Die Eignung betrifft die persönliche Seite. Gemeint sind Zuverlässigkeit, charakterliche Stabilität und die Fähigkeit, den Anforderungen des Amtes gerecht zu werden; auch gesundheitliche Gesichtspunkte können eine Rolle spielen. Die Befähigung beschreibt demgegenüber die fachliche Grundlage: Dazu gehören Ausbildung, Kenntnisse, Fähigkeiten und berufliche Erfahrung. Sie zeigt, ob die Aufgaben eines Amtes sachgerecht erfüllt werden können.

Beide Kriterien wirken zusammen und bilden gemeinsam mit der fachlichen Leistung den Maßstab für Auswahlentscheidungen. Daran muss sich jede Entscheidung orientieren. In der Praxis kommt es darauf an, dass die Bewertung nachvollziehbar ist und auf einer belastbaren Grundlage beruht – alle wesentlichen Umstände müssen berücksichtigt werden.
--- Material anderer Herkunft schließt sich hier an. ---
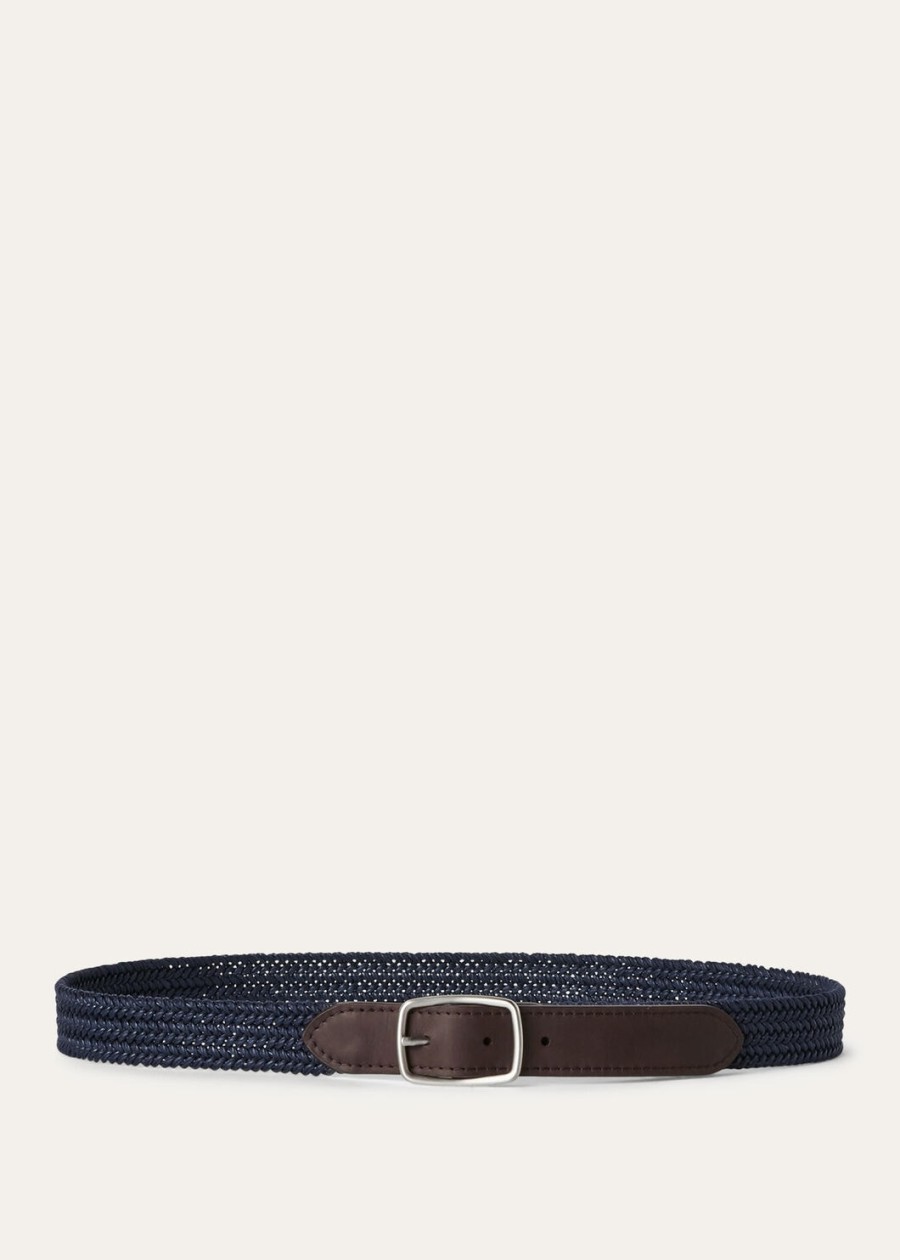kumihimo riem katoen marineblauw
Probleme entstehen häufig dort, wo persönliche und fachliche Aspekte vermischt werden oder die Entscheidung nicht ausreichend begründet ist. Auch eine lückenhafte Tatsachengrundlage kann dazu führen, dass eine Entscheidung angreifbar wird.

Eignung und Befähigung sind damit keine bloßen Schlagworte. Sie entscheiden darüber, ob ein Beamter die Anforderungen eines Amtes erfüllt und wie über seinen weiteren beruflichen Weg entschieden wird.